Currently, other initiatives concerning biodiversity data vocabularies-of-values are scattered, and no other TDWG task group is addressing the issue of the structure of such standards. As this TG is directly related with data quality and use, the Data Quality Interest Group seems the appropriate environment for this work.

Goals, outputs and outcomes

Preparation of a Scoping Document. The document will include the following topics:
- Determining what types of vocabularies would be needed for TDWG – consistent with the various ISO Standards on Vocabularies (i.e., do we require vocabularies, dictionaries of terms, controlled vocabularies, thesauri, ontologies, etc.), and whether vocabularies should be mono-lingual or multi-lingual.
- Determining a strategy for organizing the construction of vocabularies, considering: A) structuring of work within TDWG, with the following options: 1) the creation of a separate Interest group; 2) the creation of several Task Groups within the Data Quality Interest Group, or associated to other TDWG Interest Groups; B) Domain specific needs and practices.
Development of a common repository for TDWG vocabularies-of-values. GitHub will be the first option but other alternatives will be explored to provide a user-friendly platform for gathering and developing vocabularies. Exploration of alternative platform is expected.
Development of a current best practice for the building of TDWG vocabularies. Such format will be based primarily on the TDWG Standards Documentation Specification.
Building of at least one exemplary vocabulary under the standard format developed in item 3.
Collection and assessment of already existing vocabularies across the community that can be used as are, or that can be modified for TDWG purposes. The list of such vocabularies will be made available through the common repository.
Identification of domain-specific groups that may be involved in the preparation of vocabularies and creation of a list of contacts that will be available through the GitHub repository.
In-depth evaluation of the current state of data that is shared through aggregators in relation to the use of controlled values for each Darwin Core term. A report will be built.
Preparation of a list of vocabularies needed for terms of the Darwin Core standard based on the previous report.

Strategy

General

The convener and the core members of the group will produce the reports and documentation outputs in collaboration with any other interested parties.
Discussion and general work will be performed via periodic meetings that will be held remotely and in person in appropriate venues (e.g., TDWG 2018, 2019, DQIG meetings).
All activities will be tracked in the common repository in GitHub (item 2), which will be created either as an independent repository or under the existing Interest Group repository (https://github.com/tdwg/bdq), as a first activity.

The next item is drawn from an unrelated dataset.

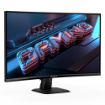 Obrázek GIGABYTE LCD - 27" Gaming monitor GS27QCA, Prohnutý VA 1500R, 2560x1440 QHD, 180Hz, 5000:1, 250cd/m2, 1ms, 2xHDMI, 1xDP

All materials produced will be available in that repository as well.

Specifics

The scoping document, the current best practice for building vocabularies-of-values, the exemplary vocabulary and the list of vocabularies needed (items 1, 3, 4 and 8) will be created by the members of the TG, using either GitHub directly or other platforms such as Google Documents for early stages.
The scoping document, the current best practice and the exemplary vocabulary (items 1, 3 and 4) will be presented at TDWG/SPNCH 2018 Meeting. This will be a special opportunity to integrate the initiative with the broader community and to identify and engage with individuals and domain-specific groups that might be interested in the construction of the vocabularies.
We will explore the possibility of creating a user-friendly repository (item 2) for building and storing TDWG vocabularies. We will also evaluate the cost-benefits and provide a report/proposal for the construction of a platform.
The gathering of existing vocabularies (item 5) will be based on a preliminary list made by the convener and already available at https://docs.google.com/spreadsheets/d/1SDbtZxEzg0t10OSNDPJN0XSye6mMOTTCIBH3xh-HUYA/edit#gid=0. A more extensive search will be conducted and key stakeholders (e.g., aggregators, database management systems, data providers from natural history collections) will be personally contacted via email and invited to share vocabularies in use.
As before, domain-specific groups will be identified and contacted via email and personally in appropriate meetings (e.g., TDWG/SPNCH 2018) (item 6).
If further in-person interaction is needed among the members of the TG and/or with other members of the community or domain-specific groups, we will seek funding opportunities through different agencies outside TDWG.
Evaluation of the current state of data (item 7) will be carried out mainly by the convener based on previous research conducted on data from GBIF, iDigBio and VertNet, already available through a data directory in the Darwin Core Questions & Answers GitHub site (https://github.com/tdwg/dwc-qa/tree/master/data).

Becoming involved

Achieving the goals of this TG will require the interaction of people from several areas within the community. Main areas of knowledge needed are: standards in general and Darwin Core in particular, vocabularies, domain-specific needs both from the data provider and data user perspectives. Therefore, it will be useful to have members from all these different areas of expertise. Each of the proposed goals of this TG are distinct enough to allow members of the community to participate in one or more of them without requiring full knowledge of all the topics addressed. We hope this will promote broader participation.

Resources

Standards Documentation Specification, (particularly section 4.5.4 of https://github.com/tdwg/vocab/blob/master/documentation-specification.md).
Preliminary collection and assessment of already existing vocabularies across the community (https://docs.google.com/spreadsheets/d/1SDbtZxEzg0t10OSNDPJN0XSye6mMOTTCIBH3xh-HUYA/edit#gid=0).
ANSI/NISO Z39.19-2005 (R2010) — Guidelines for the construction, format, and management of monolingual controlled vocabularies, National Information Standards Organization (US). (http://www.niso.org/apps/group_public/download.php/12591/z39-19-2005r2010.pdf).
ISO Standard for thesauri, ISO25964, (https://en.wikipedia.org/wiki/ISO_25964).
ISO 25964-1:2011 Information and documentation — Thesauri and interoperability with other vocabularies — Part 1: Thesauri for information retrieval (https://www.iso.org/standard/53657.html).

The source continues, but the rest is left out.